Your instructions
Before printing the listing, strip out its pictures and keep everything else exact.

Collected data
+++
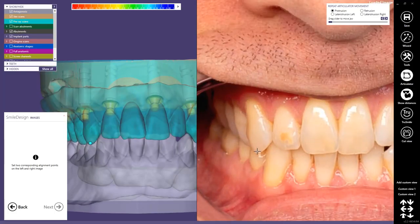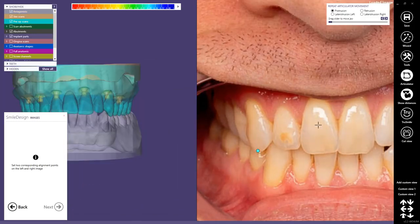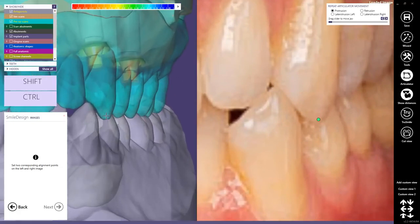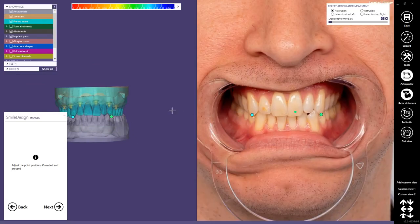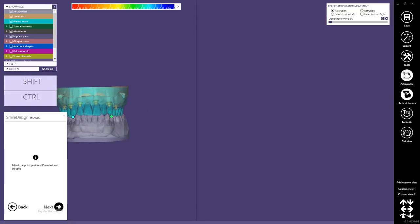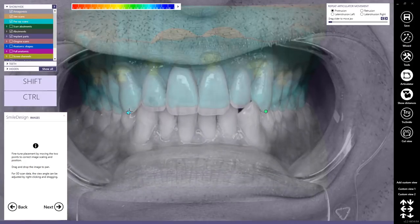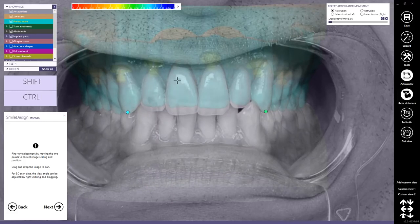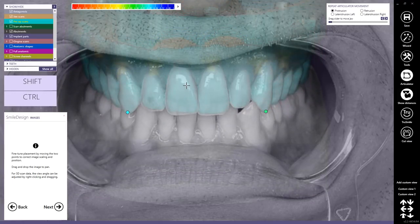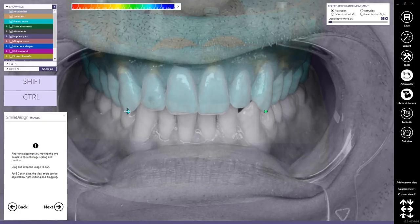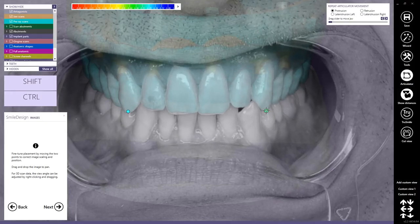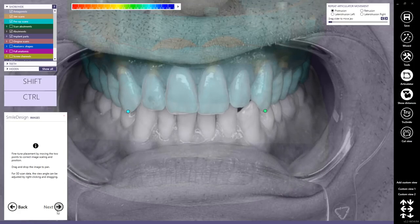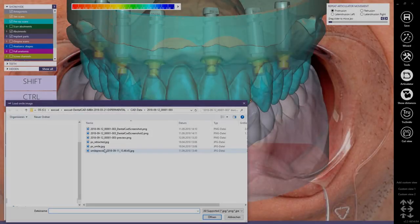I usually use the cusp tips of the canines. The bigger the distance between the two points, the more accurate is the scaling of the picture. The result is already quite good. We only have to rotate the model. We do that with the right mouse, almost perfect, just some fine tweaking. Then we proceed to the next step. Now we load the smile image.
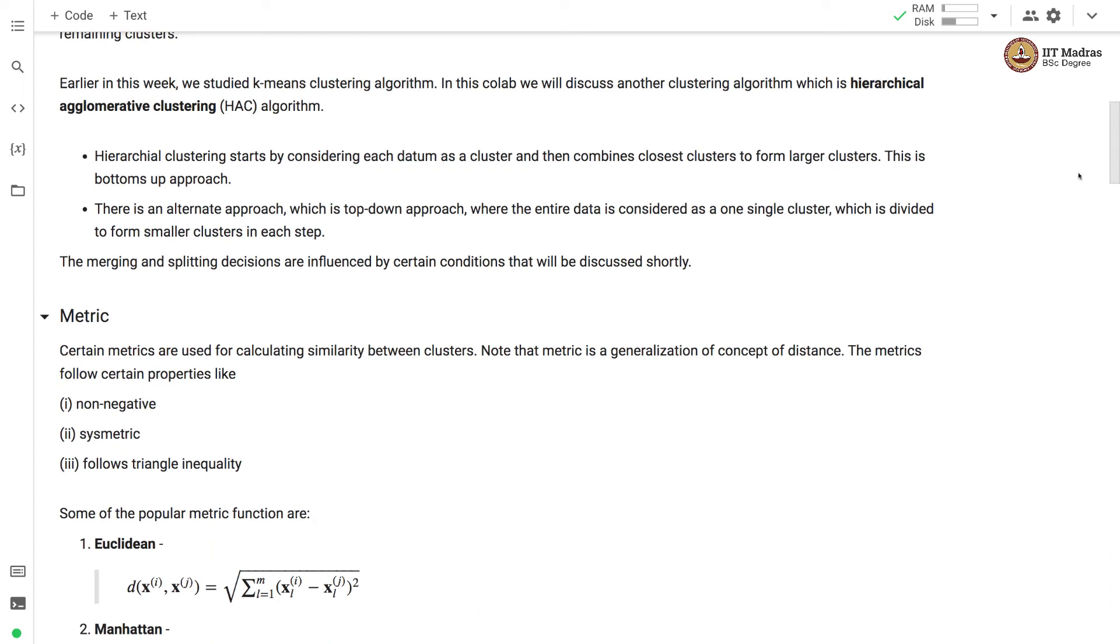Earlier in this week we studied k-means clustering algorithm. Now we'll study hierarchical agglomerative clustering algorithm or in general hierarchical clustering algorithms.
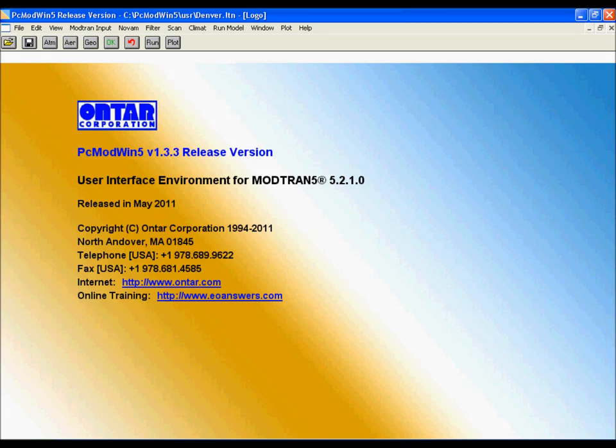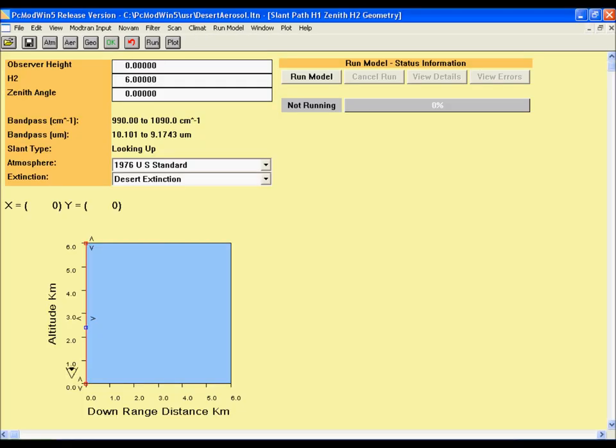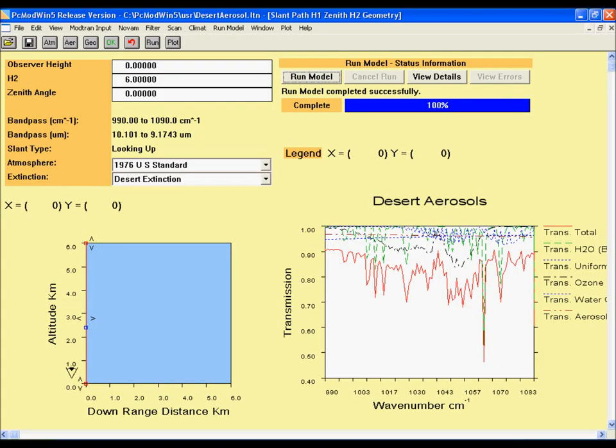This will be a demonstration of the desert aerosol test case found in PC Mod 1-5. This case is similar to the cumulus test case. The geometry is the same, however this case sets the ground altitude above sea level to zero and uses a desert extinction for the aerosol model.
+++
Response
I usually use the cusp tips of the canines. The bigger the distance between the two points, the more accurate is the scaling of the picture. The result is already quite good. We only have to rotate the model. We do that with the right mouse, almost perfect, just some fine tweaking. Then we proceed to the next step. Now we load the smile image.
Earlier in this week we studied k-means clustering algorithm. Now we'll study hierarchical agglomerative clustering algorithm or in general hierarchical clustering algorithms.
This will be a demonstration of the desert aerosol test case found in PC Mod 1-5. This case is similar to the cumulus test case. The geometry is the same, however this case sets the ground altitude above sea level to zero and uses a desert extinction for the aerosol model.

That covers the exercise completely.